ABSTRACT

At present, between two and eight million of a total population of about 255 million Indonesians are living temporarily or permanently outside their home country as migrant workers, expatriates, international students, spouses or refugees. The wide divergence in the estimated number arises because some international datasets relating to migrants only include Indonesian-born people living abroad and exclude subsequent generations and other overseas Indonesians not born in Indonesia (Muhidin and Utomo 2015: 95). Most overseas Indonesians live in Malaysia, Saudi Arabia, the United Arab Emirates, Bangladesh, Singapore, the Netherlands, the USA, Kuwait and Australia. While the Indonesian government has paid little attention to overseas Indonesians in the past, it is now doing so, partly because of dramatic cases of the abuse of female labour migrants by their employers (Palmer 2016). As well as taking greater responsibility for citizens in need of support overseas, the Indonesian government has, since 2010, begun to acknowledge the economic potential of its global diaspora, which could become a valuable national resource in terms of remittances, foreign direct investment and socio-economic developments initiated by returning Indonesians. The Indonesian Ministry of Foreign Affairs has established an Indonesian Diaspora Desk, at ambassadorial level, and diaspora congresses are held annually with the support of political leaders (Muhidin and Utomo 2015).

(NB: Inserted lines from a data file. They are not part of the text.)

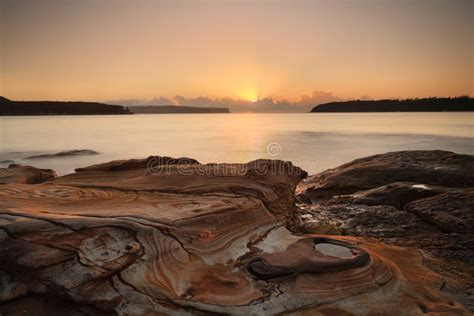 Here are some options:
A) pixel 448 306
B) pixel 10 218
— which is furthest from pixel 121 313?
pixel 448 306

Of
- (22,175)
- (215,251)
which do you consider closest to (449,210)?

While the economic potential is sought after, and cultural activities might get support as ‘soft power’ agents, the political activities of distant diasporans wanting to interfere in Indonesian politics are not appreciated at all. Yet, among the many Indonesians overseas, there is a small number who – from a safe distance and with little to lose – aspire to be political spokespersons in international fora on behalf of their co-ethnics back home. Disengaged from the often-complex real politics on the ground, they establish a kind of moral superiority for themselves and, in making their political demands and forwarding their political visions, show little will to compromise and little pragmatism or sensitivity.